EXERCISE GOAL. What is needed is an exact copy of every entry below, minus the images.
MATERIAL TO PROCESS START
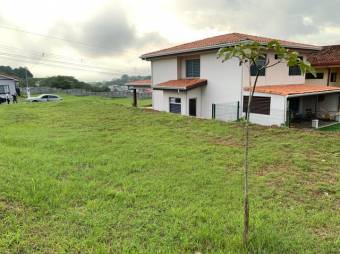 Se vende amplio lote de mas de 500m2 en condominio de Guácima en Alajuela 24-487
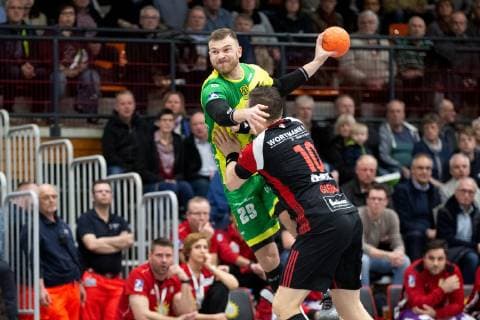 Luebbecke, Deutschland 15.02.2019: 2. Handball Bundesliga - 2018 2019 - TuS-N-Luebbecke vs. VfL Eintracht Hagen (L-R) Andreas Bornemann (Hagen), Lukasz Gierak (Luebbecke) Luebbecke Nordrhein-Westfalen Deutschland Merkur Arena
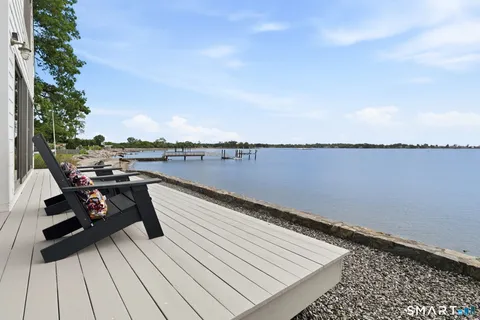 $3,200,000 | 62-64 Wallacks Drive, Stamford, CT 06902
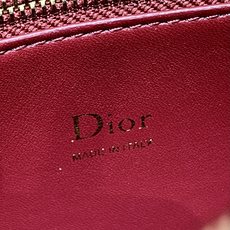 小号现货‼️ Dior2026最新蝴蝶结手提包,把“蝴蝶结”焊在系列里.蝴蝶结也不再是小女生的甜腻感,新设计的轮廓与造型 小号现货‼️ Dior2026最新蝴蝶结手提包,把“蝴蝶结”焊在系列里.蝴蝶结也不再是小女生的甜腻感,新设计的轮廓与造型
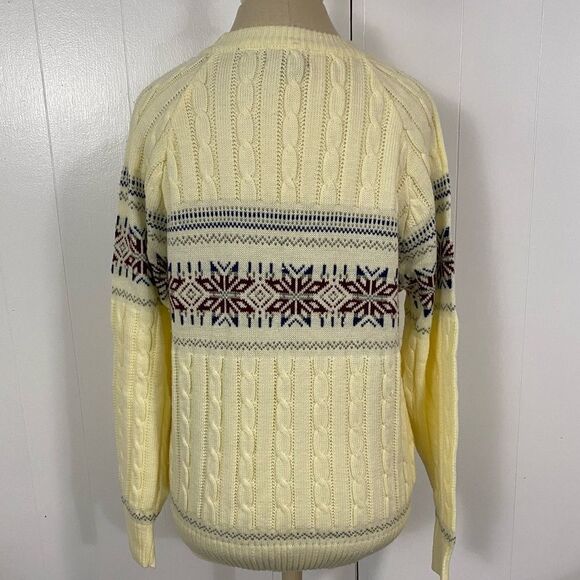 VINTAGE Patterned Sweater - Picture 4 of 16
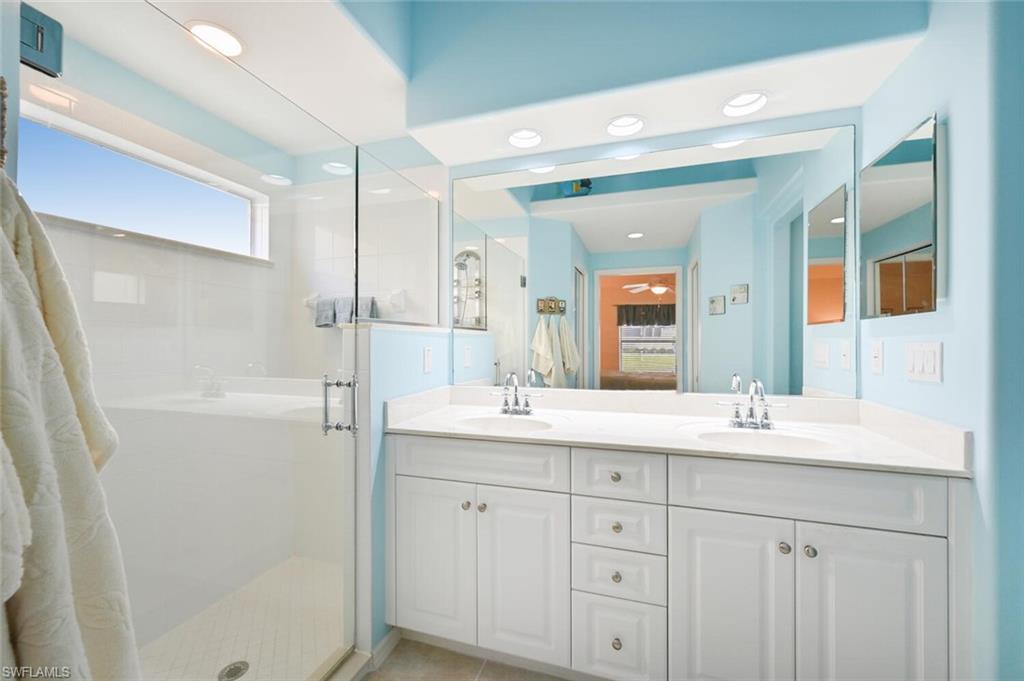 IBIS COVE - Residential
MATERIAL TO PROCESS END
YOUR RESPONSE.
 Se vende amplio lote de mas de 500m2 en condominio de Guácima en Alajuela 24-487
 Luebbecke, Deutschland 15.02.2019: 2. Handball Bundesliga - 2018 2019 - TuS-N-Luebbecke vs. VfL Eintracht Hagen (L-R) Andreas Bornemann (Hagen), Lukasz Gierak (Luebbecke) Luebbecke Nordrhein-Westfalen Deutschland Merkur Arena
 $3,200,000 | 62-64 Wallacks Drive, Stamford, CT 06902
 小号现货‼️ Dior2026最新蝴蝶结手提包,把“蝴蝶结”焊在系列里.蝴蝶结也不再是小女生的甜腻感,新设计的轮廓与造型 小号现货‼️ Dior2026最新蝴蝶结手提包,把“蝴蝶结”焊在系列里.蝴蝶结也不再是小女生的甜腻感,新设计的轮廓与造型
 VINTAGE Patterned Sweater - Picture 4 of 16
 IBIS COVE - Residential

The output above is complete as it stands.